INSTRUCTIONS TO FOLLOW.
Set down, please, exactly the lines below that run from the line with "Small Image of" to the line with "Silver sequin tunic", both lines included.

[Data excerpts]
####
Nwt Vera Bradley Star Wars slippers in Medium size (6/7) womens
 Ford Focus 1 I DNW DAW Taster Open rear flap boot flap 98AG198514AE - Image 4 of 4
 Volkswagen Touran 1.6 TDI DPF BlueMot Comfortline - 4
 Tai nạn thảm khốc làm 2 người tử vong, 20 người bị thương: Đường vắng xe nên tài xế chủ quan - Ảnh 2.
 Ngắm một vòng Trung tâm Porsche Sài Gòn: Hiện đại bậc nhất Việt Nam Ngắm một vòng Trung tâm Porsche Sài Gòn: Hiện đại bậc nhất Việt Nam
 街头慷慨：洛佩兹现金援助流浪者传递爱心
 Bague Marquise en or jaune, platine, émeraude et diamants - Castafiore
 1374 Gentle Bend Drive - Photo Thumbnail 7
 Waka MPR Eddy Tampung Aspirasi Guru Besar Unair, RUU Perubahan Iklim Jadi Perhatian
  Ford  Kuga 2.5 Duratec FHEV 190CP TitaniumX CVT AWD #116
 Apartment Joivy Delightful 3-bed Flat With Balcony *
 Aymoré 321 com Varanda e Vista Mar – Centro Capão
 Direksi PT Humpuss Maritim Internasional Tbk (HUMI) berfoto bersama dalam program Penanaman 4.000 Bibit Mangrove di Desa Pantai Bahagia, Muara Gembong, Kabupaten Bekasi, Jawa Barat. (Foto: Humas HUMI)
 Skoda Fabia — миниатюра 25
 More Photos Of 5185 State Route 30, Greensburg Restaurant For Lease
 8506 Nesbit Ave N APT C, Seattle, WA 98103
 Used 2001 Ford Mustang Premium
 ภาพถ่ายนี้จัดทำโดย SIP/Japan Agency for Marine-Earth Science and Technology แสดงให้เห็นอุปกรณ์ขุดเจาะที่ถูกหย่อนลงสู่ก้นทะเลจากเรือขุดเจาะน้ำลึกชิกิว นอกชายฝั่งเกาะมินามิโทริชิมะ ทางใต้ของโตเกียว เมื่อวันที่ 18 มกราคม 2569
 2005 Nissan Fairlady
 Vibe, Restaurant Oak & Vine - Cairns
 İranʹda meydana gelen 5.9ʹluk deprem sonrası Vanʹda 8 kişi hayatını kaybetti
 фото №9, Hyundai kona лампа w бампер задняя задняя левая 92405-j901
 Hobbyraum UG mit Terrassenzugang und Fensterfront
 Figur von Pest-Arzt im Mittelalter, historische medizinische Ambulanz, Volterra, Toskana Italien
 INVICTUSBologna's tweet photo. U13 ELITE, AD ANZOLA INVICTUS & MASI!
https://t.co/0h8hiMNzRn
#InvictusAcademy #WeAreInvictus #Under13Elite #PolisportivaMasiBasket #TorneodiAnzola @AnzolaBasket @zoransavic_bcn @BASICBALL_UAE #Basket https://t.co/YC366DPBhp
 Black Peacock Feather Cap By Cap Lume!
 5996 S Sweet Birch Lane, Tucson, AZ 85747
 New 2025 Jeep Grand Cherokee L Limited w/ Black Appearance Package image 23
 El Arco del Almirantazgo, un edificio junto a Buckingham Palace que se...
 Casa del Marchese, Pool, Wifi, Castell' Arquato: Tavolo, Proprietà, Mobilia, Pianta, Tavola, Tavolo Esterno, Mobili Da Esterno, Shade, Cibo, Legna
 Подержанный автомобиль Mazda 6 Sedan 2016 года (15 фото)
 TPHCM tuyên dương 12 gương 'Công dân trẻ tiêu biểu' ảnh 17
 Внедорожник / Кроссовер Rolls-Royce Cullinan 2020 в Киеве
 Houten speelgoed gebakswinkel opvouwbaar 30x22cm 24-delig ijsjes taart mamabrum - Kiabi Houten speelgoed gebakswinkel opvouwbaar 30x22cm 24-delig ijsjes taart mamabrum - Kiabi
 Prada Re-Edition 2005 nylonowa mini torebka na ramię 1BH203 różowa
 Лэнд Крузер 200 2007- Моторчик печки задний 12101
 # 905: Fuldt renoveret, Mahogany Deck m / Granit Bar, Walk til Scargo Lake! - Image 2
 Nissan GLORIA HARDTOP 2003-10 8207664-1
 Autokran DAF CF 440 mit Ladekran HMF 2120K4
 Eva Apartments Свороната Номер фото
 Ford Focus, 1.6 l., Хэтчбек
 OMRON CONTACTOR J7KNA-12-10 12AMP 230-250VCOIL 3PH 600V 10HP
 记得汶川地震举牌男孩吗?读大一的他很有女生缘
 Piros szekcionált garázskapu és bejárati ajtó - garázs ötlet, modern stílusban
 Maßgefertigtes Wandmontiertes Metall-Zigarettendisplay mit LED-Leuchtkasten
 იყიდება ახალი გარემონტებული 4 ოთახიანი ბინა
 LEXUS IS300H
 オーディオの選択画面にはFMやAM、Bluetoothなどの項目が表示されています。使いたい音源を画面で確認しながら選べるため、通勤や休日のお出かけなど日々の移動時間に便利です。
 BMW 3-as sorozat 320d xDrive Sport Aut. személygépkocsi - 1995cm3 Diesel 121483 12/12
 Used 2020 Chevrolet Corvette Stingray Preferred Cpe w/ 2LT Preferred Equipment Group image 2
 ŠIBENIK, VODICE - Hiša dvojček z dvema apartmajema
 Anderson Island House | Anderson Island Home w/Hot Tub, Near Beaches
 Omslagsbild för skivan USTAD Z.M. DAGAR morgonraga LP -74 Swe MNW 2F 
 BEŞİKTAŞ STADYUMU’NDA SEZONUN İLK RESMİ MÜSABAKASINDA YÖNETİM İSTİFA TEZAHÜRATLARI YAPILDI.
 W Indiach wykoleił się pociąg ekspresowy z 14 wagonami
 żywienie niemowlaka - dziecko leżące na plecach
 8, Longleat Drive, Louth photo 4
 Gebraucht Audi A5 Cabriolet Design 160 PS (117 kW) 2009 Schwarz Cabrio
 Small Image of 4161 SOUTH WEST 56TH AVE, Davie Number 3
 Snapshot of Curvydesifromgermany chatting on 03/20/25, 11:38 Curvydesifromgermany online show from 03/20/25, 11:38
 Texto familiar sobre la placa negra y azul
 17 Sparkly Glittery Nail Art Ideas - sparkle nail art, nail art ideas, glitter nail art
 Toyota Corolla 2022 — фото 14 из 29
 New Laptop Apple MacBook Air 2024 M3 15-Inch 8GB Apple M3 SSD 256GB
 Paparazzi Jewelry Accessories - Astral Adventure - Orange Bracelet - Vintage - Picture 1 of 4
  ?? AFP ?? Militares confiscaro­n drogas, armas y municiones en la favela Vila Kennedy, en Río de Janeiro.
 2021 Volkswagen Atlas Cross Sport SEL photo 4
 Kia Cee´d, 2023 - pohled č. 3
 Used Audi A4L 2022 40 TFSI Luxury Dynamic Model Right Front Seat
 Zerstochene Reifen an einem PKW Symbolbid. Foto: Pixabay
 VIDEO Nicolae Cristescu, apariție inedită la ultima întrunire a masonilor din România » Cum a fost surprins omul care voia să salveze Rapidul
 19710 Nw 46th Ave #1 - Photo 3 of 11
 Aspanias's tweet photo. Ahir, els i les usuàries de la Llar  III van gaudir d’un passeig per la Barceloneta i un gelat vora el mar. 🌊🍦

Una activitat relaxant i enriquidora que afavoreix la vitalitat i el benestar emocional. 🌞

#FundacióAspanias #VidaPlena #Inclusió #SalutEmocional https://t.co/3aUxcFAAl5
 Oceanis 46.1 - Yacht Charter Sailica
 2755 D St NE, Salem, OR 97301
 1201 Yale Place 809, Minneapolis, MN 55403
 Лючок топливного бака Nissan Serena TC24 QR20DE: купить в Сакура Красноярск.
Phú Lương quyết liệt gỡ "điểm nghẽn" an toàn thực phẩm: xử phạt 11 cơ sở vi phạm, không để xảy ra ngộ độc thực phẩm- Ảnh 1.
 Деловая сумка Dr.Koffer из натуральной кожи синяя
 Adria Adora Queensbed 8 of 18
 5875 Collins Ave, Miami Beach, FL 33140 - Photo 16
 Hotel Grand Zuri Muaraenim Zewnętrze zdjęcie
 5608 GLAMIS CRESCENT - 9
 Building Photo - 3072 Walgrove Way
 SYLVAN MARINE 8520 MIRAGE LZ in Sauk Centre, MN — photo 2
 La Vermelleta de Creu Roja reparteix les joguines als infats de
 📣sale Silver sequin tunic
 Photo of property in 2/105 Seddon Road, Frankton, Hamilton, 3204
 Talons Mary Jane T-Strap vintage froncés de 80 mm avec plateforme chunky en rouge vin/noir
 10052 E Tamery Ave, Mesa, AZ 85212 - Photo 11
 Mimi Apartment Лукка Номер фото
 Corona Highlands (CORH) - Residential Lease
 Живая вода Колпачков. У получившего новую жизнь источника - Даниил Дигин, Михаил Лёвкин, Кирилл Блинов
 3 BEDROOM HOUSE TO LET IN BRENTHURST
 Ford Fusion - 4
####
RESPONSE BELOW.
 Small Image of 4161 SOUTH WEST 56TH AVE, Davie Number 3
 Snapshot of Curvydesifromgermany chatting on 03/20/25, 11:38 Curvydesifromgermany online show from 03/20/25, 11:38
 Texto familiar sobre la placa negra y azul
 17 Sparkly Glittery Nail Art Ideas - sparkle nail art, nail art ideas, glitter nail art
 Toyota Corolla 2022 — фото 14 из 29
 New Laptop Apple MacBook Air 2024 M3 15-Inch 8GB Apple M3 SSD 256GB
 Paparazzi Jewelry Accessories - Astral Adventure - Orange Bracelet - Vintage - Picture 1 of 4
  ?? AFP ?? Militares confiscaro­n drogas, armas y municiones en la favela Vila Kennedy, en Río de Janeiro.
 2021 Volkswagen Atlas Cross Sport SEL photo 4
 Kia Cee´d, 2023 - pohled č. 3
 Used Audi A4L 2022 40 TFSI Luxury Dynamic Model Right Front Seat
 Zerstochene Reifen an einem PKW Symbolbid. Foto: Pixabay
 VIDEO Nicolae Cristescu, apariție inedită la ultima întrunire a masonilor din România » Cum a fost surprins omul care voia să salveze Rapidul
 19710 Nw 46th Ave #1 - Photo 3 of 11
 Aspanias's tweet photo. Ahir, els i les usuàries de la Llar  III van gaudir d’un passeig per la Barceloneta i un gelat vora el mar. 🌊🍦

Una activitat relaxant i enriquidora que afavoreix la vitalitat i el benestar emocional. 🌞

#FundacióAspanias #VidaPlena #Inclusió #SalutEmocional https://t.co/3aUxcFAAl5
 Oceanis 46.1 - Yacht Charter Sailica
 2755 D St NE, Salem, OR 97301
 1201 Yale Place 809, Minneapolis, MN 55403
 Лючок топливного бака Nissan Serena TC24 QR20DE: купить в Сакура Красноярск.
Phú Lương quyết liệt gỡ "điểm nghẽn" an toàn thực phẩm: xử phạt 11 cơ sở vi phạm, không để xảy ra ngộ độc thực phẩm- Ảnh 1.
 Деловая сумка Dr.Koffer из натуральной кожи синяя
 Adria Adora Queensbed 8 of 18
 5875 Collins Ave, Miami Beach, FL 33140 - Photo 16
 Hotel Grand Zuri Muaraenim Zewnętrze zdjęcie
 5608 GLAMIS CRESCENT - 9
 Building Photo - 3072 Walgrove Way
 SYLVAN MARINE 8520 MIRAGE LZ in Sauk Centre, MN — photo 2
 La Vermelleta de Creu Roja reparteix les joguines als infats de
 📣sale Silver sequin tunic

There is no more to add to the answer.